◆ **Work order**
Every line below between the line holding "1.5mm*6mm 2mm*12mm 3mm*11mm" and the line holding "adidas Essentials 3-Stripes", inclusive, should be repeated exactly, and all other lines omitted.

◆ **Records for the exercise**
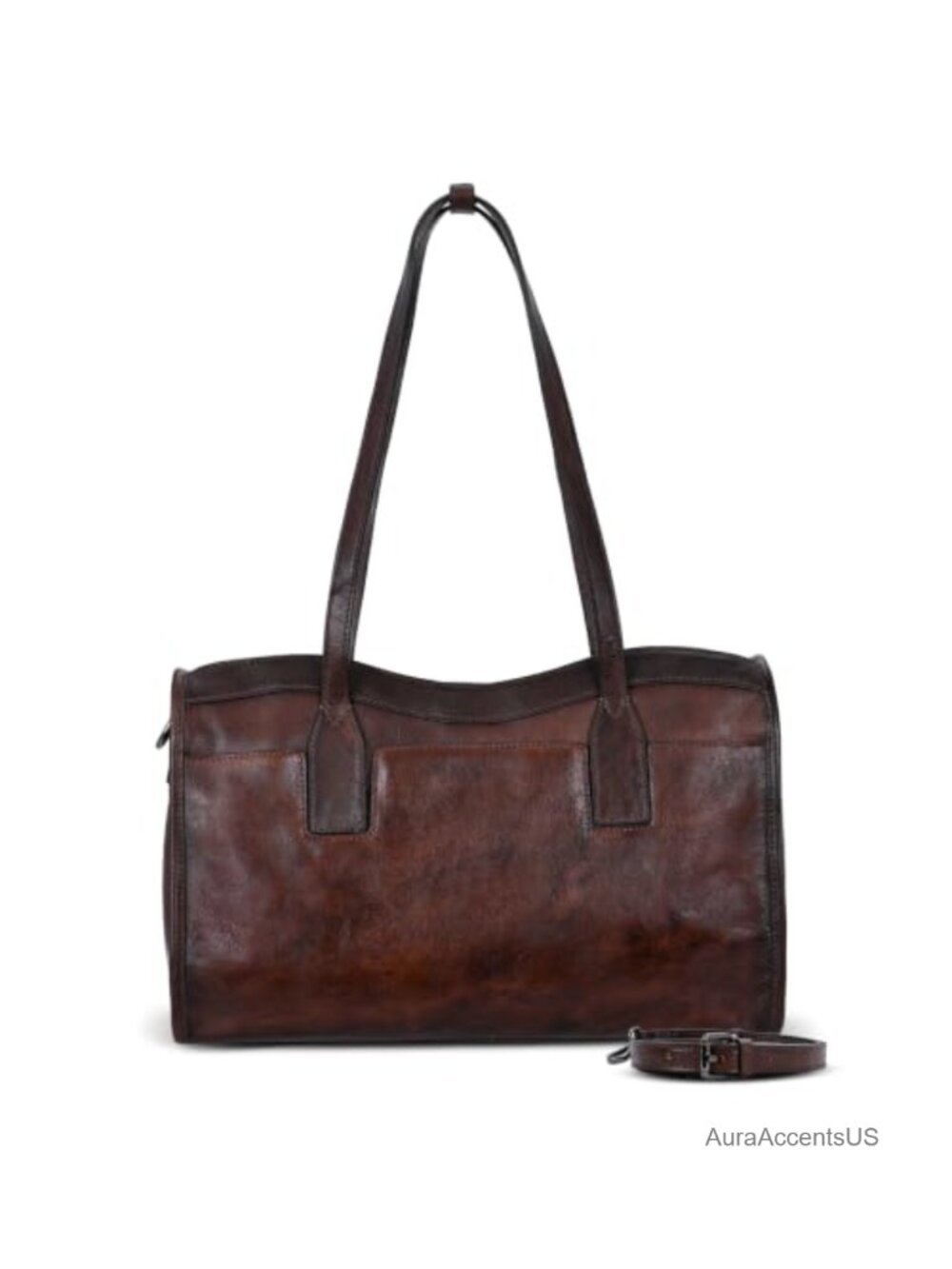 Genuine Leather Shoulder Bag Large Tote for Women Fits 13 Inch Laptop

* * *

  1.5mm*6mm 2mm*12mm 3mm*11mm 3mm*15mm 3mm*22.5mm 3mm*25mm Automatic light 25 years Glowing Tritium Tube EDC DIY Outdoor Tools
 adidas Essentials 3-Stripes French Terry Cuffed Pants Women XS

---

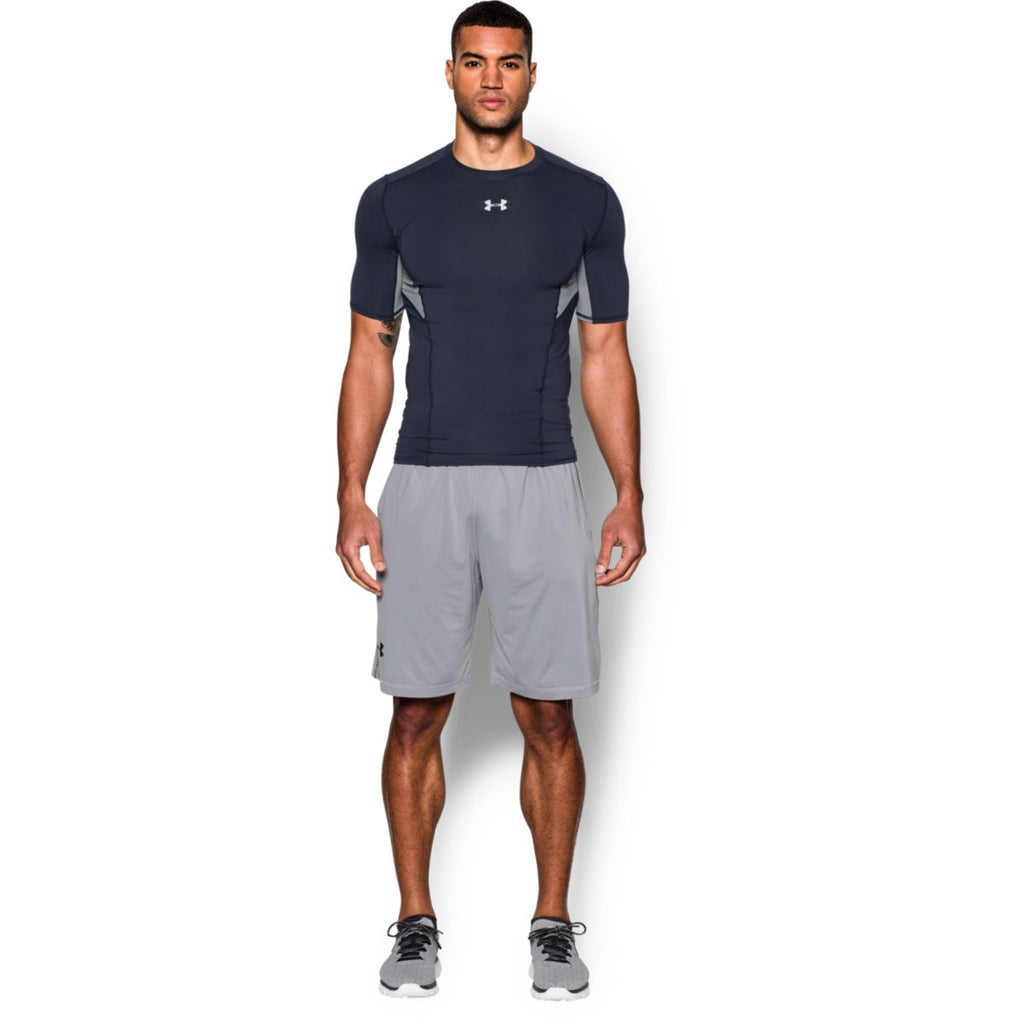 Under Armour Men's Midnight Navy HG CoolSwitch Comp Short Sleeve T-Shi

◆ **The completed task**
  1.5mm*6mm 2mm*12mm 3mm*11mm 3mm*15mm 3mm*22.5mm 3mm*25mm Automatic light 25 years Glowing Tritium Tube EDC DIY Outdoor Tools
 adidas Essentials 3-Stripes French Terry Cuffed Pants Women XS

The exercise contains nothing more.